What you need to do: Please give back each line below unchanged; none of the pictures should appear.
Start of Data excerpt
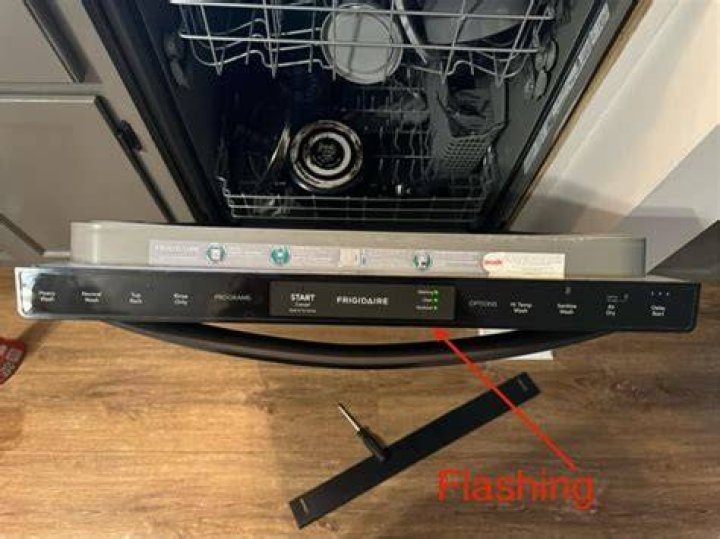 How do I fix the flashing light on my Whirlpool dishwasher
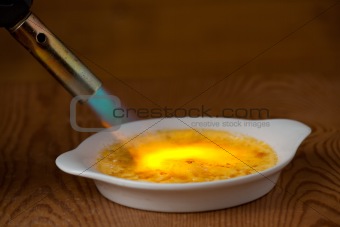 flame caramelizing a creme brulee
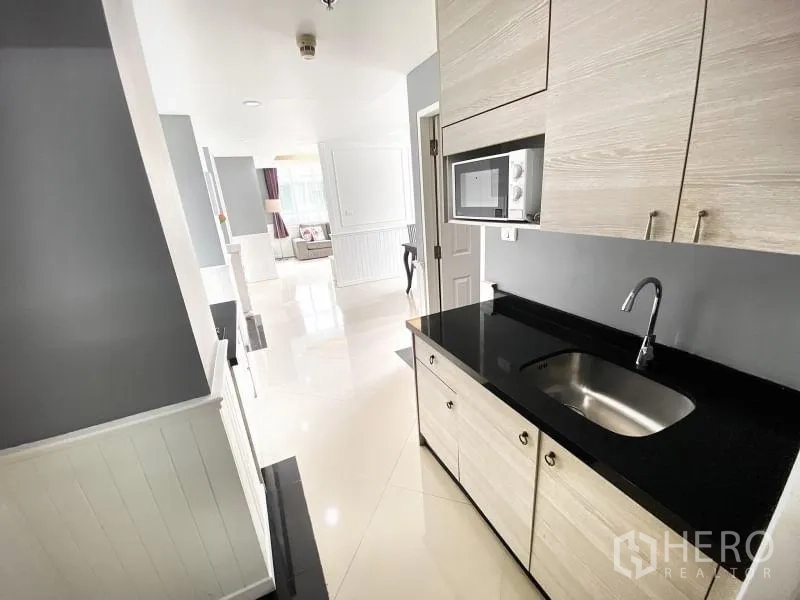 Condominium for rent in Khlong Toei, Bangkok - Galley kitchen with light wood cabinetry, black countertop, sink and microwave.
End of Data excerpt
Response area:
 How do I fix the flashing light on my Whirlpool dishwasher
 flame caramelizing a creme brulee
 Condominium for rent in Khlong Toei, Bangkok - Galley kitchen with light wood cabinetry, black countertop, sink and microwave.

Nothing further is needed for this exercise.